Liberal arts education. Comenius (1635/1907) acknowledges the value of the liberal arts education that had been the staple of European education since at least the beginning of the Renaissance. As articulated by Laurie and Bardeen (1892), these subjects include grammar (including the native language, Greek, Latin, and Hebrew), dialectic, rheotric, arithmatic, geometry, music, and astronomy (p. 147-148). Comenius envisioned these subjects flowing sequentially since the linguistic subjects are necessary for understanding the maths and sciences, and math is a prerequisite to comprehending music and science.
Several hundred years after Comenius (1635/1907) writes of both rich and poor learners having access to a liberal arts education, Jane Addams instituted a summer school using a liberal arts curriculum for the working class of Chicago in 1891 (Pinar, 2015, p. 224). Pinar (2015) discusses Addams’ work within the context of her giving her life to public service. Comenius (1635/1907) too saw the lives of teachers as given in service to education. Both Addams and Comenius believed that access to a full spectrum of knowledge would give learners—both child and adult—knowledge which would translate into practical skills; these skills would provide the capability to think critically and to apply knowledge in ways which would improve the lives of the learners.

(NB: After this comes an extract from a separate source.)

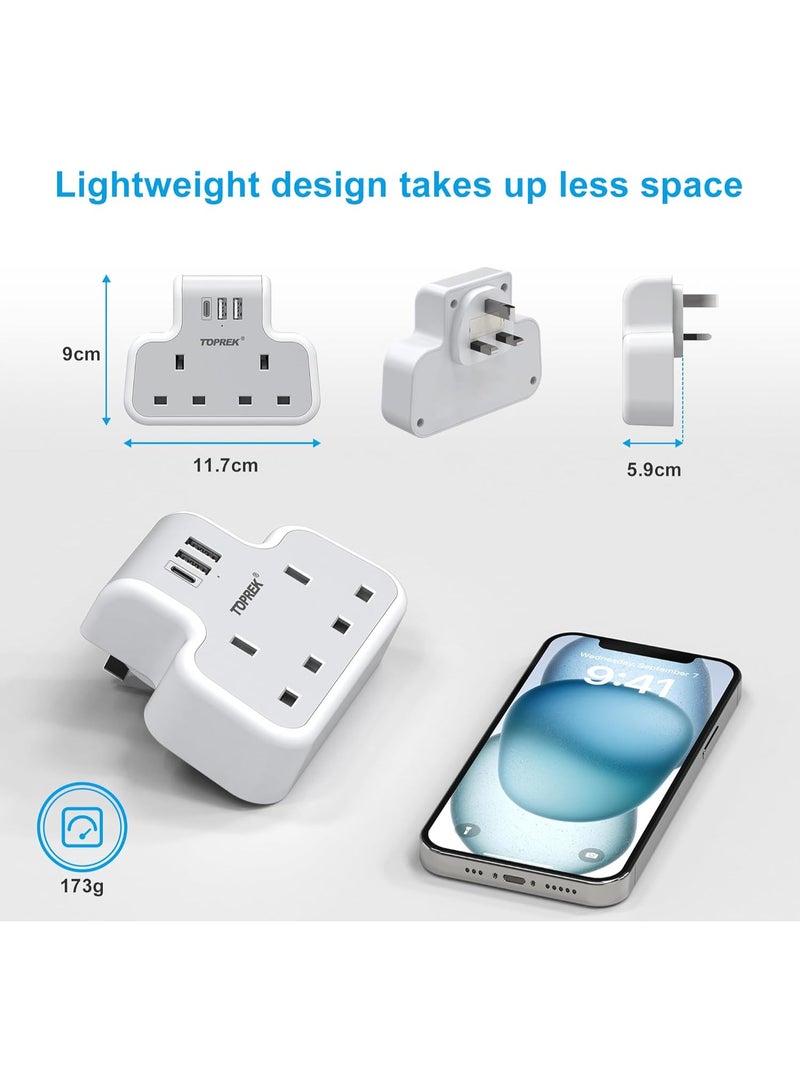 TOPREK Multi Plug Adaptor, Double Plug Adapter UK, 2USB-A & 1USB-C Extension Socket, Slim Wall Extension socket for Home, Office, Kitchen - Image 3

Spirituality. Returning to the introduction to The Great Didactic, Comenius (1635/1907) wanted learners “instructed in all things necessary for the present and for the future life” (p. 3). His Christian beliefs in a Heavenly life after death as the reward of salvation and a life morally lived drive the spiritual imperative inherent to his entire educational model. Comenius (1635/1907) believed that through education, students could reach their ultimate spiritual potential. Phillips (2012) argues that “the myth of our potential…lures us into the future, but without letting us wonder why such lures are required” (p. xiii). If a primary goal of education—both historically and contemporaneously—to help students reach their full potential as scholars and individuals is a myth as Phillips (2012) suggests, then Comenius (1635/1907) would encourage teachers to lure learners toward their spiritual potential until the student intrinsically desires education and God and has not doubt of its value.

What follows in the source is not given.